The Working Men's Educational Union, King William Street, London, was a philanthropic society founded in 1853 to provide education for the working classes. These hangings or diagrams would have been used in their lectures, held at various locations, to illustrate the latest advances in knowledge. They were printed on cotton to avoid paper duty and also because it made them re usable. They have brass eyelets in the corners for hanging. The First Annual Report (1853) of the Working Men’s Educational Union is in the British Museum. It lists officers, contributors, members and proceedings at the annual meeting and keys to the diagrams published. The Trades Union Congress library told me that they have a book entitled A History of the Working Men's College,1854-1954 by J. F. C. Harrison (1954) which documents the history of the London Working Men's College but does not appear to mention the Union at King William Street. This may have been a venue for some of the classes prior to the establishment of the Working Men's College in 1854.

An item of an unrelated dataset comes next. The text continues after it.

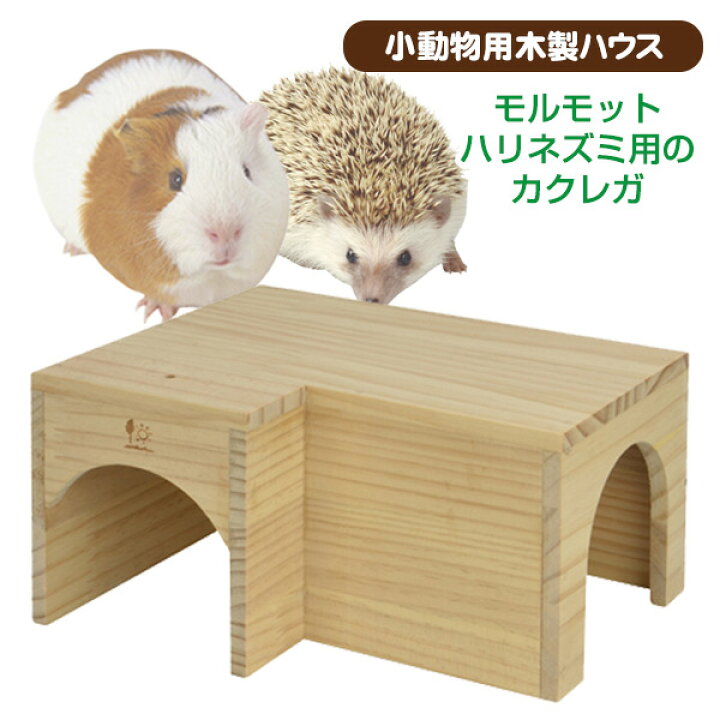 楽天市場】三晃商会 モルハリハウス（T1）小動物 ペット モルモット 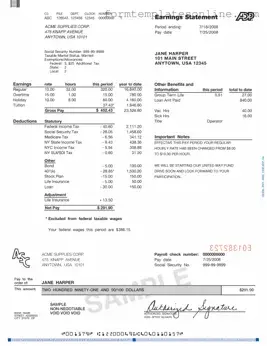Adp Pay Stub PDF Form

coloured lithograph printed on cotton, the lower left hand corner stamped Working Men's Educational Union. King William St, Trafalgar Square, London , 154, depicting a early steam locomotive manned by two men, one driving the train, the other shovelling coal, a man sitting in an enclosed shelter above a coal tender and a covered truck, two carriages behind, to the side a guard in stove type hat and frock coat holding out a lamp and a red flag, the train passing under a bridge, black smoke billowing in the wind, in the distance tall chimneys also billowing smoke, all looking as if they are hand drawn with charcoals and hand coloured.
34 x 47 in; 87 x 1.2 m
Very good. One small rust spot in the train's steam.